§ **What to do**: Transcribe, exactly and in full, every record shown below, while omitting its images.

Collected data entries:
##########

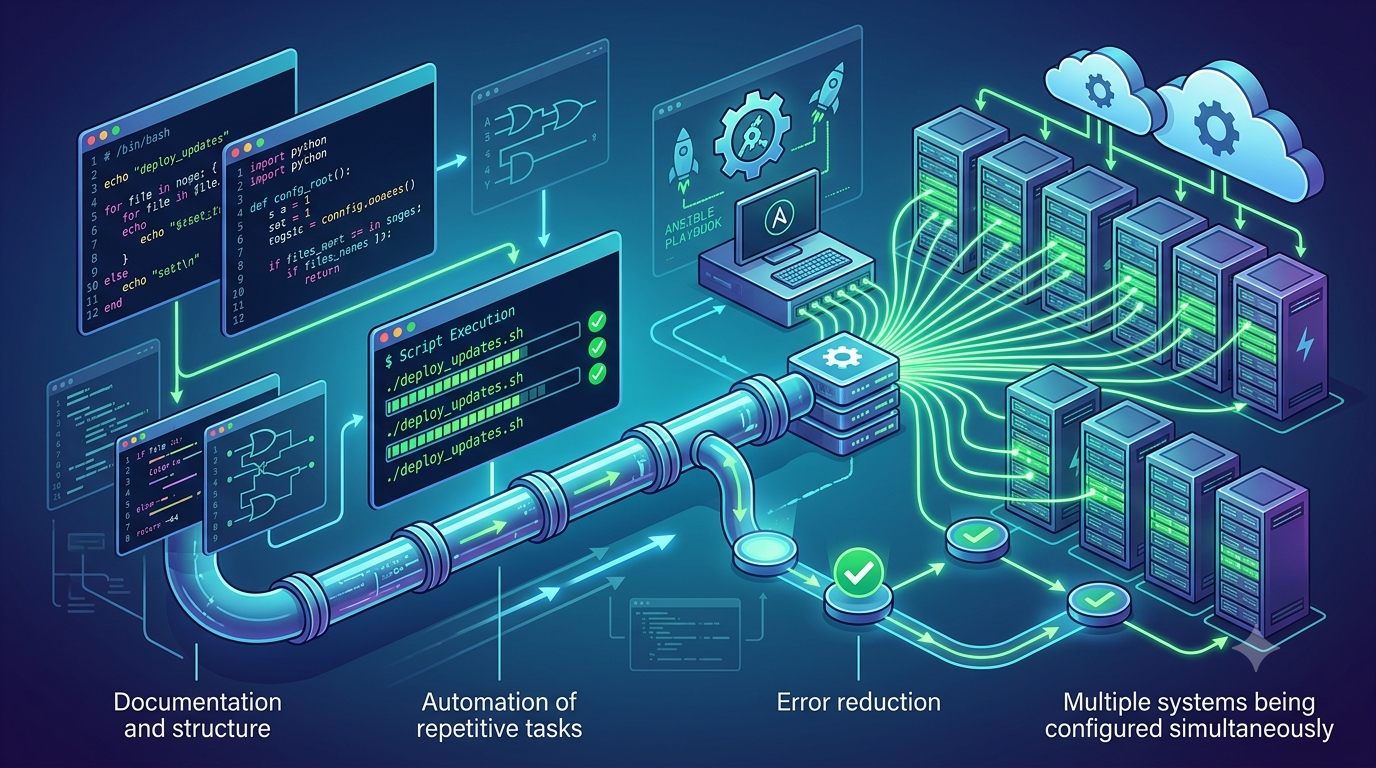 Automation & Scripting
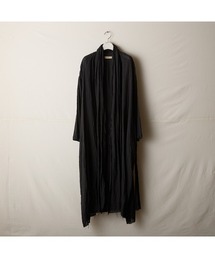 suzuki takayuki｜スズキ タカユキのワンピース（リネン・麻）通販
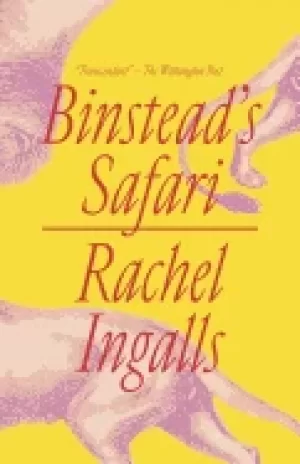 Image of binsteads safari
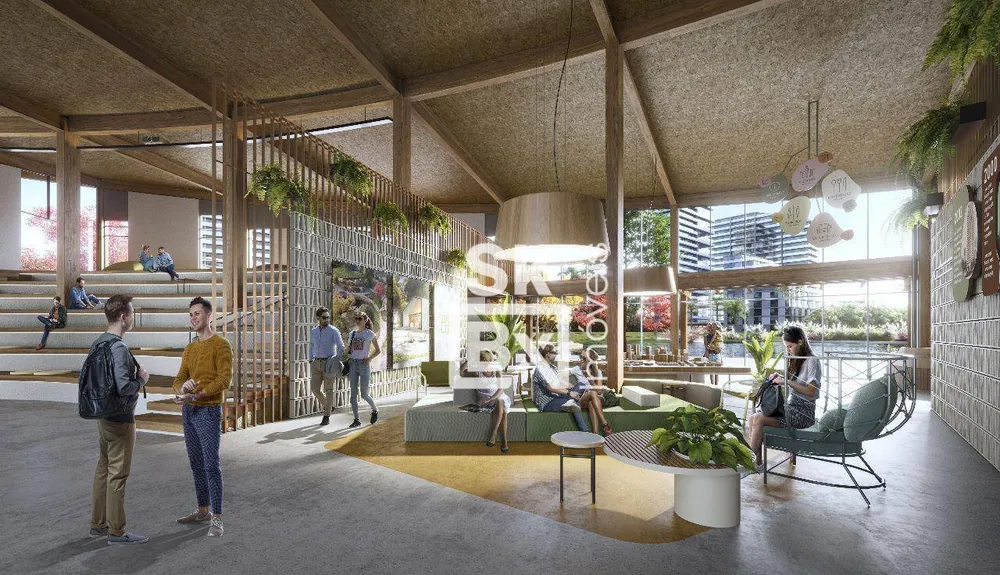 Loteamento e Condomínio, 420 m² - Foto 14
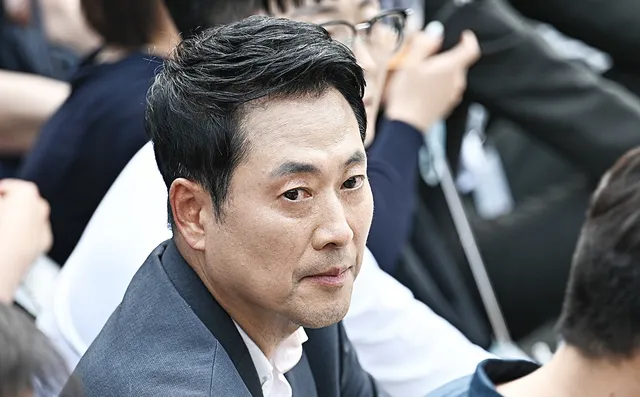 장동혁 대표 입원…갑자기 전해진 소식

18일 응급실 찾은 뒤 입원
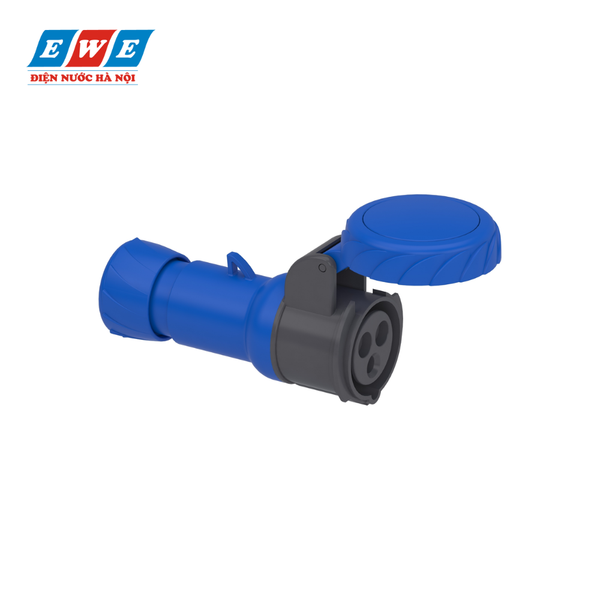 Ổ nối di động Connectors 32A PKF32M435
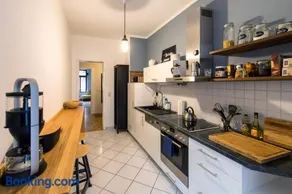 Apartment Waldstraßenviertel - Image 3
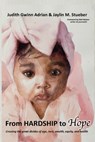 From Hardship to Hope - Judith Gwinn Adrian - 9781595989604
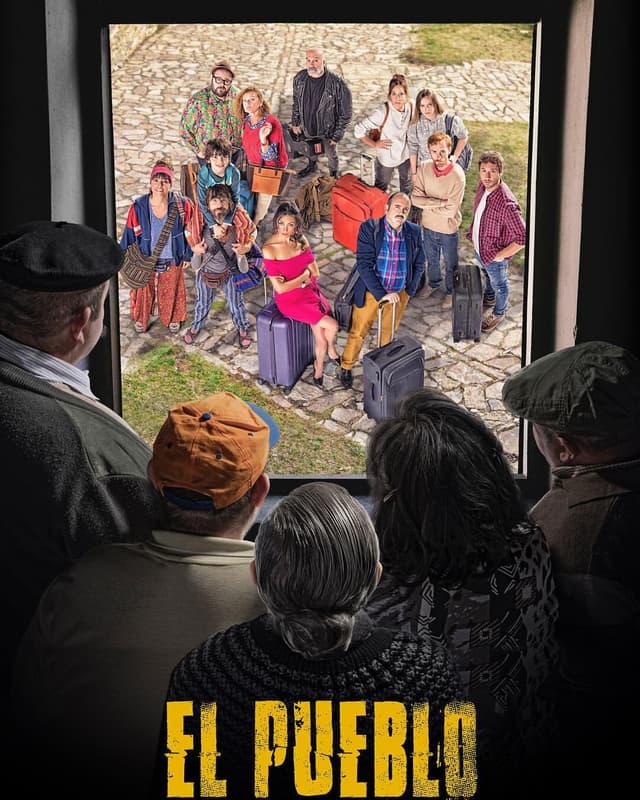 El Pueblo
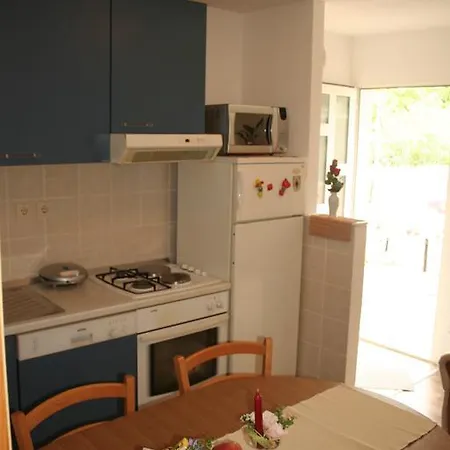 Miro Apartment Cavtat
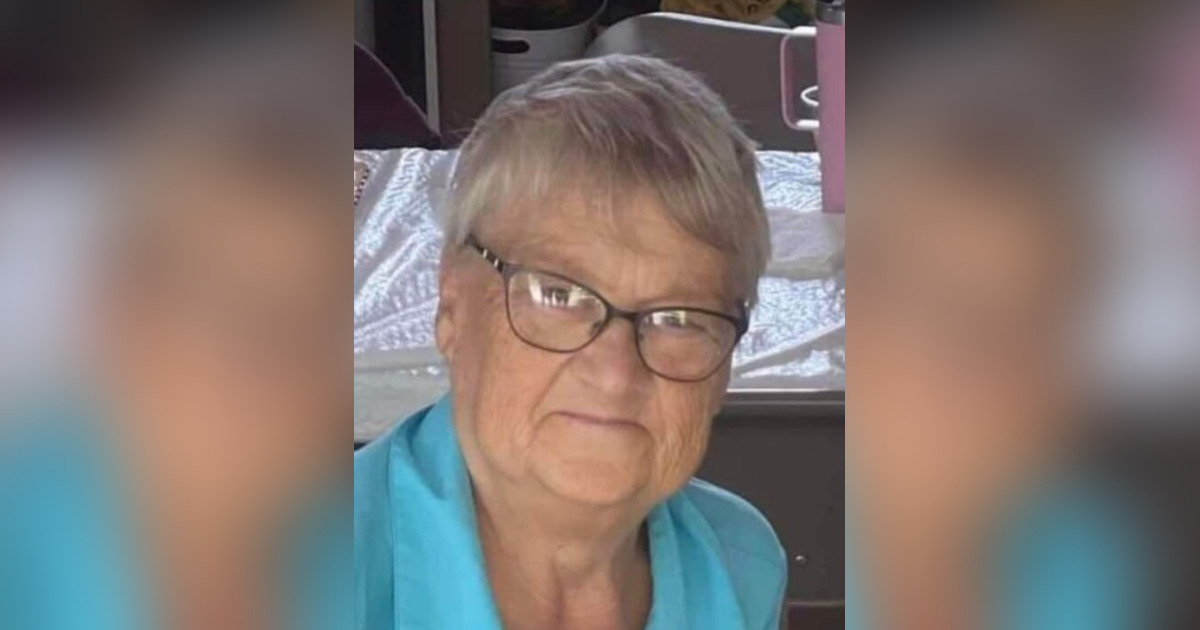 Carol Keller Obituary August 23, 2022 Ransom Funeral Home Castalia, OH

##########

§ **Output**:
 Automation & Scripting
 suzuki takayuki｜スズキ タカユキのワンピース（リネン・麻）通販
 Image of binsteads safari
 Loteamento e Condomínio, 420 m² - Foto 14
 장동혁 대표 입원…갑자기 전해진 소식

18일 응급실 찾은 뒤 입원
 Ổ nối di động Connectors 32A PKF32M435
 Apartment Waldstraßenviertel - Image 3
 From Hardship to Hope - Judith Gwinn Adrian - 9781595989604
 El Pueblo
 Miro Apartment Cavtat
 Carol Keller Obituary August 23, 2022 Ransom Funeral Home Castalia, OH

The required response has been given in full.